L’appelant produit par ailleurs des documents médicaux complémentaires dont l’expert désigné par le tribunal n’a pas eu connaissance, en l’occurrence un compte rendu de consultation de la douleur du 17 février 2025 ([6] Lille), une attestation détaillée de Mme [W] (masseur kinésithérapeute) du 28 mai 2025 et un nouveau certificat médical établi le 5 juin 2025 par le docteur [V] à l’appui d’une nouvelle demande – non renseignée – présentée par M. [N] auprès de la [11].
Pour autant, ces nouveaux documents sont très postérieurs à la demande présentée le 20 mars 2023 aux fins d’attribution de la carte mobilité inclusion mention 'invalidité'. Par suite, et comme il l’a été souligné plus haut, ces éléments ne peuvent être pris en compte dans la solution du litige.

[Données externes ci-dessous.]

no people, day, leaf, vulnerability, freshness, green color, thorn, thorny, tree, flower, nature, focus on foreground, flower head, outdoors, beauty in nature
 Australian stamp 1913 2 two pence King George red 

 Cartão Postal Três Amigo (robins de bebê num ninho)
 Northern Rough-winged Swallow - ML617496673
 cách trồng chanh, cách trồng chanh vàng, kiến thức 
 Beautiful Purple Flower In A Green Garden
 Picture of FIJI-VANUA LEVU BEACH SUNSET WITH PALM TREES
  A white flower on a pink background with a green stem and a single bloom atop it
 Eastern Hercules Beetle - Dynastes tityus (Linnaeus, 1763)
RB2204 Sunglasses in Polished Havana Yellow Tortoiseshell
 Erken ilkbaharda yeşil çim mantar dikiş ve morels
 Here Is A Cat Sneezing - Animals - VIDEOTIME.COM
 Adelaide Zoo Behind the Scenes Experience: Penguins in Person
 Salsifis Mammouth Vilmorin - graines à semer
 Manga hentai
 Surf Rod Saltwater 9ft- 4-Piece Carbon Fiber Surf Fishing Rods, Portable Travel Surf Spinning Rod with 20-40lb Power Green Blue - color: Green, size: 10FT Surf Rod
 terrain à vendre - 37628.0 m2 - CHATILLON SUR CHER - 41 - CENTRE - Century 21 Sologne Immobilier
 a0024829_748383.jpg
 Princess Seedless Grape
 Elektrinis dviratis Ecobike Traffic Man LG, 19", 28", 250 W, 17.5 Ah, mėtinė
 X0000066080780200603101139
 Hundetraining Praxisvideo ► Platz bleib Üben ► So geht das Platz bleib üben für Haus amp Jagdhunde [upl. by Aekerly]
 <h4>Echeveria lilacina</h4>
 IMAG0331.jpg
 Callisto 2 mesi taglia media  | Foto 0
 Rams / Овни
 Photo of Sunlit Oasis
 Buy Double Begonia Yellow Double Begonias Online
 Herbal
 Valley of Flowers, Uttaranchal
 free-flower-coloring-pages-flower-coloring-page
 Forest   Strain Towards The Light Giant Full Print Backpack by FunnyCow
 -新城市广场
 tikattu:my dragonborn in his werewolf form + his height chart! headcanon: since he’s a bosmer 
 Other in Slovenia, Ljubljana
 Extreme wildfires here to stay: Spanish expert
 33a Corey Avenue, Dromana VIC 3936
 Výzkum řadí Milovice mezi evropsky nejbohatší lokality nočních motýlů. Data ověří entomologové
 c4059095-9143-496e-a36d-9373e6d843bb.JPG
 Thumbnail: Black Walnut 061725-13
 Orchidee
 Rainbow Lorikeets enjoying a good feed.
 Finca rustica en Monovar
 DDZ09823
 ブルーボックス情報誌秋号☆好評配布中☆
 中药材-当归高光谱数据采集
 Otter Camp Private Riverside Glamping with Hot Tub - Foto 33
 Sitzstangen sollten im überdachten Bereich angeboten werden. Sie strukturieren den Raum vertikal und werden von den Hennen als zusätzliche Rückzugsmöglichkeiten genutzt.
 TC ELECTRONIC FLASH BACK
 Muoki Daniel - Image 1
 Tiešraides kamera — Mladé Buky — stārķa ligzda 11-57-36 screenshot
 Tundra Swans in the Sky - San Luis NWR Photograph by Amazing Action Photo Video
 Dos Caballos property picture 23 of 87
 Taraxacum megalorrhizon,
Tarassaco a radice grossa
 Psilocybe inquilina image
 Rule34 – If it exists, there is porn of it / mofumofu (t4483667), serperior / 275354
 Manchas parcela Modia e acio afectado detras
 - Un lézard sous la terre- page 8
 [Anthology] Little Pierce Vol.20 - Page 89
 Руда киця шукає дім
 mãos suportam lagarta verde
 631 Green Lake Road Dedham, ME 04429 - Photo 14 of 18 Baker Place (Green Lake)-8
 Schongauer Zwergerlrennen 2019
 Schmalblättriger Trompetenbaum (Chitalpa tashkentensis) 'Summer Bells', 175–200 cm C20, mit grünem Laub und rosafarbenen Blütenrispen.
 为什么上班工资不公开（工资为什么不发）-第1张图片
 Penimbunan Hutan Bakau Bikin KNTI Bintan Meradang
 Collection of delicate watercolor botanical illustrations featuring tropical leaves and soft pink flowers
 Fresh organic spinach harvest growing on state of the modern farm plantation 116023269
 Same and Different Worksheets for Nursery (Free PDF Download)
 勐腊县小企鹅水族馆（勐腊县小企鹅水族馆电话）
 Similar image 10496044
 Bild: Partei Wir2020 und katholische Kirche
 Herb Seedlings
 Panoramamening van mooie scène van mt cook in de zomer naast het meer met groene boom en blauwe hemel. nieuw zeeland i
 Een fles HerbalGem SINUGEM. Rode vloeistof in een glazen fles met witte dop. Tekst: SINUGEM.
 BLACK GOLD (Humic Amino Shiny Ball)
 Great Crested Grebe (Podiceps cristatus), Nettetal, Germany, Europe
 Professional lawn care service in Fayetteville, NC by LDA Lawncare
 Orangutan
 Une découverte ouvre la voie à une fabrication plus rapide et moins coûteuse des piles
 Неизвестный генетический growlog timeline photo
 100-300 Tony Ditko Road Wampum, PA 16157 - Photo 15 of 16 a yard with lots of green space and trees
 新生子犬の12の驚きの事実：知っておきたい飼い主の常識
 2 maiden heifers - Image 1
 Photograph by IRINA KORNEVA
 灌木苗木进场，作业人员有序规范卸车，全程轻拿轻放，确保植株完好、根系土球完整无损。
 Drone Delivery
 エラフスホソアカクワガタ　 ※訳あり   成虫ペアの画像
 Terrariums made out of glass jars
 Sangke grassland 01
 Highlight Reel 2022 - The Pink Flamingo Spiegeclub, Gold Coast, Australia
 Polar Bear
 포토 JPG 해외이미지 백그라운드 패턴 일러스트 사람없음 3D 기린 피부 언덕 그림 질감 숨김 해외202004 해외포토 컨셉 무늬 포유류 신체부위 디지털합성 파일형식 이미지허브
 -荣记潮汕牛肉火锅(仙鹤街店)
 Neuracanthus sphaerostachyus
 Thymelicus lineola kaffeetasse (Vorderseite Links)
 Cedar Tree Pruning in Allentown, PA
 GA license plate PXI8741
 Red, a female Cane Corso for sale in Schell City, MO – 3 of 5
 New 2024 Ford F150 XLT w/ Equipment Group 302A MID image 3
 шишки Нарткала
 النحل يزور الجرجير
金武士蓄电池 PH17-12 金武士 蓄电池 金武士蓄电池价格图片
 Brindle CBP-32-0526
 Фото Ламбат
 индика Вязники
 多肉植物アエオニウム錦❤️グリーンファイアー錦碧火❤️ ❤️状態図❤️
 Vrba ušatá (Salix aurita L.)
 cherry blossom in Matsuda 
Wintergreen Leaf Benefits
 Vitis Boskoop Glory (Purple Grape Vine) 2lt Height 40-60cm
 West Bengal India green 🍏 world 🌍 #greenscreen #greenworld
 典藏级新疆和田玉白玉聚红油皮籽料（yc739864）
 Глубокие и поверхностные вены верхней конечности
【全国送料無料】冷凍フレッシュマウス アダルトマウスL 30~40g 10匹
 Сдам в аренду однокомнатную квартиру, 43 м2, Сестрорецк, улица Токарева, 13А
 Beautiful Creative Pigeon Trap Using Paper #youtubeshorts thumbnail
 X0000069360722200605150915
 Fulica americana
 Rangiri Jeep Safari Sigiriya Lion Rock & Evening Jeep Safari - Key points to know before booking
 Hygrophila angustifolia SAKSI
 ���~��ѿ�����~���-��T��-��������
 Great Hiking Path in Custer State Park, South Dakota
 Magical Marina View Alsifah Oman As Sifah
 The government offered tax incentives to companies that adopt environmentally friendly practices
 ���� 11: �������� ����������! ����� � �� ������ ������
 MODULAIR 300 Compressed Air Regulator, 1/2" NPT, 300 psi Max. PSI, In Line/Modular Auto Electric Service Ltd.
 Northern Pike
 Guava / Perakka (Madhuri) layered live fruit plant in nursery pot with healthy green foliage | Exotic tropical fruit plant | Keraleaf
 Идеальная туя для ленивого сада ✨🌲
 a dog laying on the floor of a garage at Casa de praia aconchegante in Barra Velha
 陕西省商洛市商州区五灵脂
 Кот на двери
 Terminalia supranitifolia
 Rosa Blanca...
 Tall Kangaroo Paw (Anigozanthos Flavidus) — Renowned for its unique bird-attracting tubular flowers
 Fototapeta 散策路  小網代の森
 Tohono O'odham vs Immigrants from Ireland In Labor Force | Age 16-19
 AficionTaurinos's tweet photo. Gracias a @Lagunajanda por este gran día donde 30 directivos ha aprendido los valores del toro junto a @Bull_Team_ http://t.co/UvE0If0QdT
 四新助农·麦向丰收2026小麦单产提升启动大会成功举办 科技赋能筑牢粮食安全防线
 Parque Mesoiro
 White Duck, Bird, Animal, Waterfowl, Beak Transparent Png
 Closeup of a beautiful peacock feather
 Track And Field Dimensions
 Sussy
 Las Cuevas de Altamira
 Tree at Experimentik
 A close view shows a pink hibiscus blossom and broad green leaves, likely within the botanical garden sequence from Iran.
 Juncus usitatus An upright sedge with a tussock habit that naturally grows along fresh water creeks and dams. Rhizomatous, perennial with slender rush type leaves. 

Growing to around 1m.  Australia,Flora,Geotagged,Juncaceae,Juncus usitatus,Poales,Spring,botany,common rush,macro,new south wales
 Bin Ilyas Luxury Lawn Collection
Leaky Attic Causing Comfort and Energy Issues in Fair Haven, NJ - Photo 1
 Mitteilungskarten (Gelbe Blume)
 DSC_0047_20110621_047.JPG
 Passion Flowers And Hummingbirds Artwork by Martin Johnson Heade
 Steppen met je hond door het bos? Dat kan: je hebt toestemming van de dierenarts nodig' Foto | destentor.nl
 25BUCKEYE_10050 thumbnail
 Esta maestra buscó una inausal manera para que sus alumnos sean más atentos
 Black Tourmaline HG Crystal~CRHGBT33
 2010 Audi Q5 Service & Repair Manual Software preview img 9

L’appelant, sur qui repose la charge de la preuve, ne produit pas d’éléments extra-médicaux de nature à éclairer plus amplement la cour sur les répercussions des pathologies identifiées sur sa vie sociale, professionnelle et personnelle, par référence aux dimensions 'incapacité’ et 'désavantage’ mentionnées à l’annexe 2-4 du code de l’action sociale et des familles.
Il s’infère de l’ensemble de ces observations que M. [N] ne présentait pas, à la date de la demande, un taux d’incapacité égal ou supérieur à 80% ouvrant doit à l’attribution de la carte mobilité inclusion mention 'invalidité'.
Il convient en conséquence de confirmer le jugement déféré.
3. Sur les frais du procès :
L’article 696 du code de procédure civile énonce que la partie perdante est condamnée aux dépens, à moins que le juge, par décision motivée, n’en mette la totalité ou une fraction à la charge d’une autre partie.
M. [N] étant partie perdante au sens où l’entend ce texte, il lui appartient de supporter les dépens d’appel.
PAR CES MOTIFS
La cour,
Confirme le jugement rendu le 14 juin 2024 par le pôle social du tribunal judiciaire de Valenciennes en ses dispositions soumises à la cour,
Y ajoutant,
Condamne M. [S] [N] aux dépens d’appel.